EXTRACTED ENTRIES:
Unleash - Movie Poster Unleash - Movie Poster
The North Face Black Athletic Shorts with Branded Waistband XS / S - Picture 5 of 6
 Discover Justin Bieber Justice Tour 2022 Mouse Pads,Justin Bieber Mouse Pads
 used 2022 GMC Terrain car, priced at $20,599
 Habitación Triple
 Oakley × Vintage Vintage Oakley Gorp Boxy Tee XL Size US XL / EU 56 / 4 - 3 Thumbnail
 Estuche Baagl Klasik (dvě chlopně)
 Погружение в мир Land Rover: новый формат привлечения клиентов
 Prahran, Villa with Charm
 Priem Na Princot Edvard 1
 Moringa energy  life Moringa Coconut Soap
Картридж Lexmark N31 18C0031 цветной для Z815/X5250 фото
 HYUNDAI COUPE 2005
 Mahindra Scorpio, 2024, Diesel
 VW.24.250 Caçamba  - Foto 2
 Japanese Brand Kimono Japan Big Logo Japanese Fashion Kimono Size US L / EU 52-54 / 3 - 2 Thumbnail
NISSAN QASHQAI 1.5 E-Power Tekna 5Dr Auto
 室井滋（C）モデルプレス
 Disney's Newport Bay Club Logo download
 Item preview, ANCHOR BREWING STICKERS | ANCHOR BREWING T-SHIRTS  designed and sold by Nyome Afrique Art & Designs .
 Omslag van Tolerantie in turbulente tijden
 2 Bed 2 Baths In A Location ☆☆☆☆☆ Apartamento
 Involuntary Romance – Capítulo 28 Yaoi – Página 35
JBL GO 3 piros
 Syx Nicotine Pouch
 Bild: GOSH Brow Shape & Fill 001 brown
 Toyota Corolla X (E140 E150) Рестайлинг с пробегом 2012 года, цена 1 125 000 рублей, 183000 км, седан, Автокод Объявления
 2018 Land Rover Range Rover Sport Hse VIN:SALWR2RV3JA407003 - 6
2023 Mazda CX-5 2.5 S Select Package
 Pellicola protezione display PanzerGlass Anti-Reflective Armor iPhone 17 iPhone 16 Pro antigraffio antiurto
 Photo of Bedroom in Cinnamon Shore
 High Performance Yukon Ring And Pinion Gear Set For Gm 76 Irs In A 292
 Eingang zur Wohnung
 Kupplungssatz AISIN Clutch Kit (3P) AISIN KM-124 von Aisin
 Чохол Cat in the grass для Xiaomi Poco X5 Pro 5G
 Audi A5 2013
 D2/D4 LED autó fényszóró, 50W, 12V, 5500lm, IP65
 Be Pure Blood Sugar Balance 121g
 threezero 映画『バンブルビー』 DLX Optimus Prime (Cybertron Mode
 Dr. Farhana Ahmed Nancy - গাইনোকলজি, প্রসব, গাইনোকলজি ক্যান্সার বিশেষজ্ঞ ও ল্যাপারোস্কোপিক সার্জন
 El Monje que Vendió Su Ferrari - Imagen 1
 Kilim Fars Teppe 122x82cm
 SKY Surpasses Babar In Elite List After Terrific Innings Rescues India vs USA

EXERCISE AIM:
The required output is every line from the one that holds "Estuche Baagl Klasik (dvě chlopně)" through the last line of the listing above, retyped exactly and with nothing else.

TASK ANSWER:
 Estuche Baagl Klasik (dvě chlopně)
 Погружение в мир Land Rover: новый формат привлечения клиентов
 Prahran, Villa with Charm
 Priem Na Princot Edvard 1
 Moringa energy  life Moringa Coconut Soap
Картридж Lexmark N31 18C0031 цветной для Z815/X5250 фото
 HYUNDAI COUPE 2005
 Mahindra Scorpio, 2024, Diesel
 VW.24.250 Caçamba  - Foto 2
 Japanese Brand Kimono Japan Big Logo Japanese Fashion Kimono Size US L / EU 52-54 / 3 - 2 Thumbnail
NISSAN QASHQAI 1.5 E-Power Tekna 5Dr Auto
 室井滋（C）モデルプレス
 Disney's Newport Bay Club Logo download
 Item preview, ANCHOR BREWING STICKERS | ANCHOR BREWING T-SHIRTS  designed and sold by Nyome Afrique Art & Designs .
 Omslag van Tolerantie in turbulente tijden
 2 Bed 2 Baths In A Location ☆☆☆☆☆ Apartamento
 Involuntary Romance – Capítulo 28 Yaoi – Página 35
JBL GO 3 piros
 Syx Nicotine Pouch
 Bild: GOSH Brow Shape & Fill 001 brown
 Toyota Corolla X (E140 E150) Рестайлинг с пробегом 2012 года, цена 1 125 000 рублей, 183000 км, седан, Автокод Объявления
 2018 Land Rover Range Rover Sport Hse VIN:SALWR2RV3JA407003 - 6
2023 Mazda CX-5 2.5 S Select Package
 Pellicola protezione display PanzerGlass Anti-Reflective Armor iPhone 17 iPhone 16 Pro antigraffio antiurto
 Photo of Bedroom in Cinnamon Shore
 High Performance Yukon Ring And Pinion Gear Set For Gm 76 Irs In A 292
 Eingang zur Wohnung
 Kupplungssatz AISIN Clutch Kit (3P) AISIN KM-124 von Aisin
 Чохол Cat in the grass для Xiaomi Poco X5 Pro 5G
 Audi A5 2013
 D2/D4 LED autó fényszóró, 50W, 12V, 5500lm, IP65
 Be Pure Blood Sugar Balance 121g
 threezero 映画『バンブルビー』 DLX Optimus Prime (Cybertron Mode
 Dr. Farhana Ahmed Nancy - গাইনোকলজি, প্রসব, গাইনোকলজি ক্যান্সার বিশেষজ্ঞ ও ল্যাপারোস্কোপিক সার্জন
 El Monje que Vendió Su Ferrari - Imagen 1
 Kilim Fars Teppe 122x82cm
 SKY Surpasses Babar In Elite List After Terrific Innings Rescues India vs USA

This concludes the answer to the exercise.